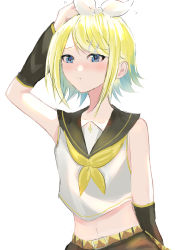 Rule 34 | 1girl, :t, absurdres, arm up, arm warmers, bad id, bad pixiv id, black sailor collar, blonde hair, blue eyes, blush, closed mouth, commentary, crop top, hair ornament, hair ribbon, hairclip, highres, kagamine rin, looking at viewer, midriff, navel, neckerchief, poono, ribbon, sailor collar, shirt, simple background, solo, vocaloid, white background, white ribbon, white shirt, yellow neckerchief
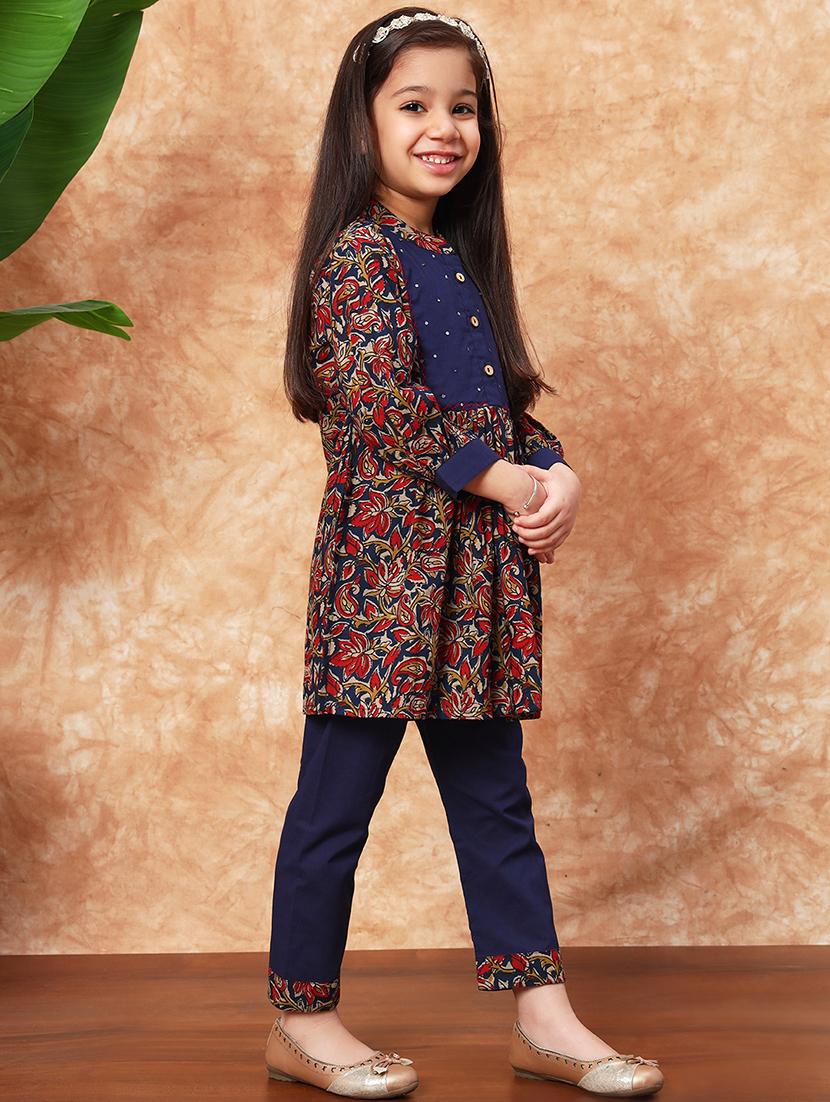 girls printed cotton kurta pant set - 21719872 - Standard Image - 1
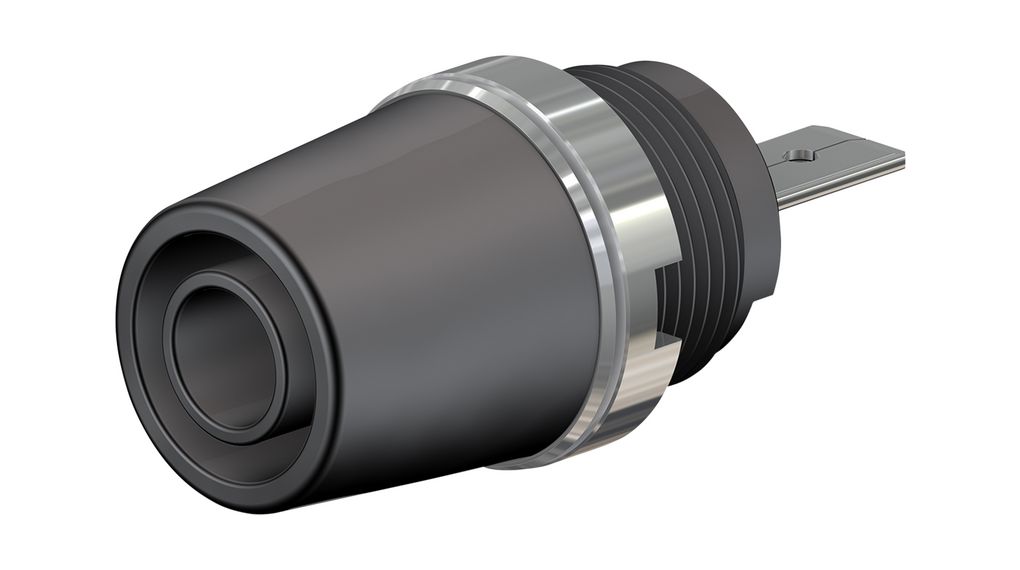 Staubli Black Socket Banana Socket, 4 mm Connector, M4 Thread Termination, 20A, 1kV, Nickel Plating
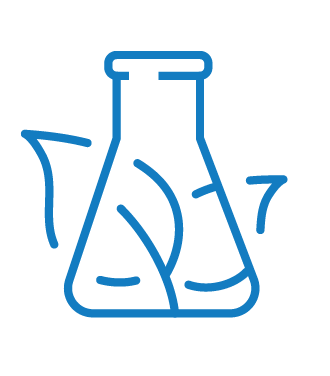 Blue laboratory glassware icon with a beaker and flask containing liquid and bubbles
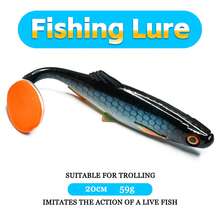 1 buah/6 buah Umpan Plastik Lunak Ekor Keriting Ukuran Besar 20cm 59g Umpan Lunak Bionik Realistis untuk Memancing di Laut, Memancing Trolling, Memancing Air Tawar dan Air Asin - MultiWarna - View 12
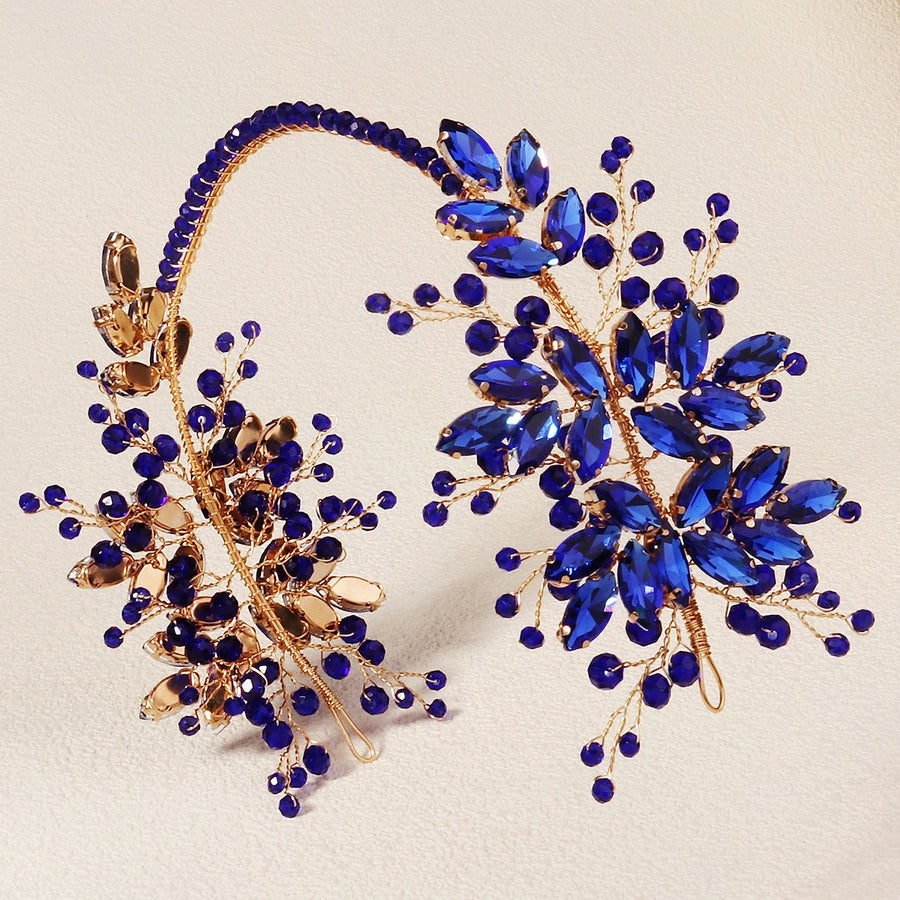 Women's Elegant Shiny Leaf Alloy Inlay Rhinestones Hair Band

*****

Omitting all pictures, restate word for word the lines from the one containing "1 buah/6 buah" through the last line of the data.

• EXERCISE SOLUTION:
 1 buah/6 buah Umpan Plastik Lunak Ekor Keriting Ukuran Besar 20cm 59g Umpan Lunak Bionik Realistis untuk Memancing di Laut, Memancing Trolling, Memancing Air Tawar dan Air Asin - MultiWarna - View 12
 Women's Elegant Shiny Leaf Alloy Inlay Rhinestones Hair Band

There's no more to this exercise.